Quinto Antilio ha sido depositado en un féretro justo delante de los Rostra. Varios senadores compiten para ver cuál de ellos logra recitar la elegía más mojigata. Las plañideras lloran y se tiran del pelo. Mientras, me temo que mis más fieles seguidores se han congregado ya en la periferia.

Nada de violencia aún, sólo algún que otro insulto. Cuando las plañideras exclaman «¡Antilio!», mis hombres les responden con un «¡Tiberio!». Naturalmente, el cadáver de mi hermano fue arrastrado por las calles y lanzado al río. Nadie puede acusarnos de haber hecho con Antilio una cosa así.

–Cayo, lo que hice ayer… es imperdonable. – ¡Y absolutamente atípico! – Cayo sonrió, pero su mirada era triste-. Las Furias en persona debieron liberar tu rabia. ¿Quién iba a imaginarse que tenías tanta guardada? La verdad es que Quinto Antilio no supone una gran pérdida para el mundo. Naturalmente, Opimio me culpa a mí del asesinato. Incluso ahora sigue arengando a los senadores con todo tipo de acusaciones disparatadas y asegura que pretendo asesinar a todos y cada uno de ellos. «¡Los Graco planean un baño de sangre!», proclama. Resulta curioso ver cómo los de su clase acusan a la oposición de los mismos crímenes que ellos andan tramando. – ¿Acabará en eso, Cayo? ¿En un baño de sangre?

–Pregúntaselo a Opimio. Está haciendo todo lo posible para incitar y poner frenéticos a los senadores. Ha propuesto una medida que denomina «Decreto de excepción». Suena amenazador, ¿verdad?
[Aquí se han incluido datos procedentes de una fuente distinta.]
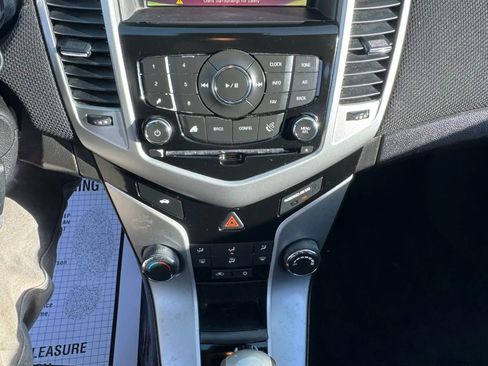 Used 2016 Chevrolet Cruze LT w/ Sun And Sound Package FWD image 19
Permitirá a los cónsules «tomar todas las medidas necesarias para defender el Estado». Es decir, estarán autorizados para matar a cualquier ciudadano allí mismo donde se encuentre, sin juicio previo.

–No puede ser que esto esté sucediendo, Cayo.

–Los dioses lo han permitido. Un simplón como Opimio no se percata de que una cosa como la que él denomina Decreto de excepción no se utilizará una única vez. Están abriendo la Caja de Pandora. Si permites que el Estado asesine a sus ciudadanos en una ocasión, la situación volverá a repetirse una y otra vez. – El tono elocuente de Cayo desapareció de repente y su voz se quebró-. ¡Ay, Lucio! ¿Qué será de nuestra querida República? ¿De nuestra maltrecha y desesperadamente perdida República?